Look through the entries below and return all lines including the word "Photo".

[Opening Exercise input section]

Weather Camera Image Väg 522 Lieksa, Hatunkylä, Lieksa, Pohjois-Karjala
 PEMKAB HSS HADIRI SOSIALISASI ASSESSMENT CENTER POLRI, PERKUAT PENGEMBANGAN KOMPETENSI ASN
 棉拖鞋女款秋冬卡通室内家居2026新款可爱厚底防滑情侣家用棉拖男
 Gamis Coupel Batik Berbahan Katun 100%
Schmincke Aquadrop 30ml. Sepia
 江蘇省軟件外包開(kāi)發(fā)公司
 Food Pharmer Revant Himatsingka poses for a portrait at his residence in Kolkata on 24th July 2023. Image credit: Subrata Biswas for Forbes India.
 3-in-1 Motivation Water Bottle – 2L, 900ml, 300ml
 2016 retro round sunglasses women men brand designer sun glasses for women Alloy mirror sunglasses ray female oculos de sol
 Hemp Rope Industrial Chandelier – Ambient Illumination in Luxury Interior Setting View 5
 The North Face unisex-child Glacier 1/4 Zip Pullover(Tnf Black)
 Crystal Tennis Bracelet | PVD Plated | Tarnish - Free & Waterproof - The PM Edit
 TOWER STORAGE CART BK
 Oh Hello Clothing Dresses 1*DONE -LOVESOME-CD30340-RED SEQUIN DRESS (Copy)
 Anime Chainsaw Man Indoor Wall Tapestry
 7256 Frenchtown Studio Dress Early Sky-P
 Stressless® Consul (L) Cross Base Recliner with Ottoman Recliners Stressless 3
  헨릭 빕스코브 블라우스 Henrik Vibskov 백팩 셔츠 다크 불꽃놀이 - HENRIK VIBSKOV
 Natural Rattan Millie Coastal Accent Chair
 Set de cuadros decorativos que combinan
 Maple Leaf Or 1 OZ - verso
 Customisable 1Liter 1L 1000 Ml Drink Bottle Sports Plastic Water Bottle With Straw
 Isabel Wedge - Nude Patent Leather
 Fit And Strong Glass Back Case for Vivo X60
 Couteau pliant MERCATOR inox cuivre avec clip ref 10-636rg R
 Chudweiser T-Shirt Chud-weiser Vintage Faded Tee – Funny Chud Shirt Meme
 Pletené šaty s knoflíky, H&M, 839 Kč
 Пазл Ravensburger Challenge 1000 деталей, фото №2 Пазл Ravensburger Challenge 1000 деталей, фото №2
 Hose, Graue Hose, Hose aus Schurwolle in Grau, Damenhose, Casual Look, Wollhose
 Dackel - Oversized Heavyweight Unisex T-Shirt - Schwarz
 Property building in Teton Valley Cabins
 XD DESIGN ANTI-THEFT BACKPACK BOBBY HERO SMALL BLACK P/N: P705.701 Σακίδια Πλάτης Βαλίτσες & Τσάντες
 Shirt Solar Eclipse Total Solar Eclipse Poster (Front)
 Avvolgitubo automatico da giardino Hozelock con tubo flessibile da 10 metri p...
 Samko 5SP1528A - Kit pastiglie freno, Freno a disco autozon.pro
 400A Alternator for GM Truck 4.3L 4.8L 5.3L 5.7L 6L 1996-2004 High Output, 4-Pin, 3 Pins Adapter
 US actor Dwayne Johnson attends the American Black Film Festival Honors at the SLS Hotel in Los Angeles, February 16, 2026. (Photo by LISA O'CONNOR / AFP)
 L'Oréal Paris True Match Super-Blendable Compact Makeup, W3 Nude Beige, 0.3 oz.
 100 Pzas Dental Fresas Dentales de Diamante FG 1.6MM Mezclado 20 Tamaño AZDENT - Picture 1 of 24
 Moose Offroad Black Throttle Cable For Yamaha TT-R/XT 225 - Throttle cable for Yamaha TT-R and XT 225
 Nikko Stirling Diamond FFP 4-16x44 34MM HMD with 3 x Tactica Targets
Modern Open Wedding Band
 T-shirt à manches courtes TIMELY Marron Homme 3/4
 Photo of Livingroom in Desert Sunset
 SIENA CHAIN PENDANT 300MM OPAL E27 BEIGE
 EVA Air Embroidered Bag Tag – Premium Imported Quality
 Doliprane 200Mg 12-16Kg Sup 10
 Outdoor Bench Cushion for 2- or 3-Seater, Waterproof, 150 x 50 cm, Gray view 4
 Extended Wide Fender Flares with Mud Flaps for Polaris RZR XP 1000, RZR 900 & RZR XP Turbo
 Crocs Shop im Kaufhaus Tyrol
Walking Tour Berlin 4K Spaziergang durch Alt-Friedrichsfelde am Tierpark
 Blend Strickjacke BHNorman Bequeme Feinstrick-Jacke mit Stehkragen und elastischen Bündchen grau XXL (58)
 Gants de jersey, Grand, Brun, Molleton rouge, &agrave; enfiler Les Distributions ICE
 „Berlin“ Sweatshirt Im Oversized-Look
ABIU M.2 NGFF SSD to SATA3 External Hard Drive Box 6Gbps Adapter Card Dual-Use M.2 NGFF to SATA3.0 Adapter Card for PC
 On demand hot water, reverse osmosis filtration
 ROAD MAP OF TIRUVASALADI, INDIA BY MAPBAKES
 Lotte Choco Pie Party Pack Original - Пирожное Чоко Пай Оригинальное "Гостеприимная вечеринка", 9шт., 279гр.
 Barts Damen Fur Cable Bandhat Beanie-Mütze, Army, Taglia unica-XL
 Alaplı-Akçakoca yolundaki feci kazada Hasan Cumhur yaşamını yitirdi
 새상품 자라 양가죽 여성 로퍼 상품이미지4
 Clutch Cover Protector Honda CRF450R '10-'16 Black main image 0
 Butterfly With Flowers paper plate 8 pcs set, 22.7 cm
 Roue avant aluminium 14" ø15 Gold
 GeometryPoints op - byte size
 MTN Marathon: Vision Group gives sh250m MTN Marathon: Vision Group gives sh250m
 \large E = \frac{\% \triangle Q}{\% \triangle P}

[Closing Exercise input section]

Solution to this exercise
 US actor Dwayne Johnson attends the American Black Film Festival Honors at the SLS Hotel in Los Angeles, February 16, 2026. (Photo by LISA O'CONNOR / AFP)
 Photo of Livingroom in Desert Sunset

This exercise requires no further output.